Часть этого «пунктира», килограммов двадцать, мы и притащили в рюкзаке под вечер во двор. А кирку оставили в укромном местечке на Карадаге, не носить же ее туда всякий раз. Сейчас-то можно обозвать нас любыми словами за варварство, но тогда нам это и в голову не приходило. Когда в доме разгром, лишняя пара выбитых стекол уже не выглядит преступно.
— Куда столько? — обалдел Степа.
— Забирай и шлифуй, — посоветовал Литтл.
— Дешевый он, халцедон-то… — копался Степа в груде отбитых камешков. — Дешевый, как и нефрит… В Сибири нефрита — тонны!
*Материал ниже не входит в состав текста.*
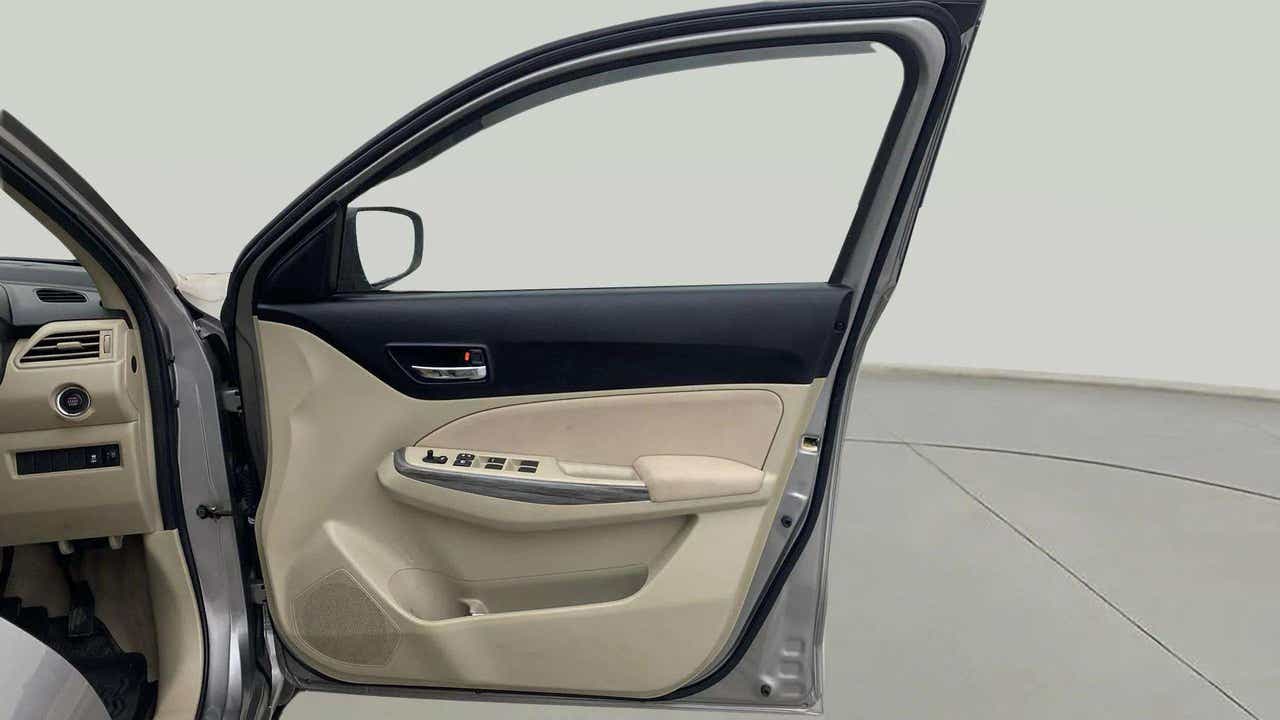 Driver side interior door panel of a Maruti Suzuki Dzire 2018-2023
— А у нас — килограммы, — сказал Миддл.
— Целиковые колечки вытачивать — возни много… Разве что на бусы, а? — поднял голову ювелир.
— В самый раз на бусы, — кивнул я.
— Ерунда. Ладно, немножко возьму. — И выдал нам пятерку. — Только в виде поощрения, — предупредил он.
— Говорил, не обижу… Обижаешь, начальник, — проворчал Литтл. — Пуп надорвали.
— А вы больше эти килотонны не таскайте. Сердолик ищите!
С тем и ушел. Не помню, взял ли Степа хоть что-то из кучи. Правда, к нашему отъезду потом она заметно уменьшилась. Может, мальчишки растащили.
Наши мечты про пир на весь мир рухнули. С пятеркой не разгуляешься. Втроем за целый-то день мы б куда больше заработали у соседей на стройке дома, но это не приходило нам в голову. Искали легкие деньги.
Наловчившись, мы стали приносить Степану и сердолики. Но, помнится, никогда больше десятки на всех троих мы ни разу не сподобились получить за усердные труды. Измученные, исцарапанные, обгорелые — насчет загара Степан не ошибся, — мы камнем — лучше словечка не подберешь — падали спать.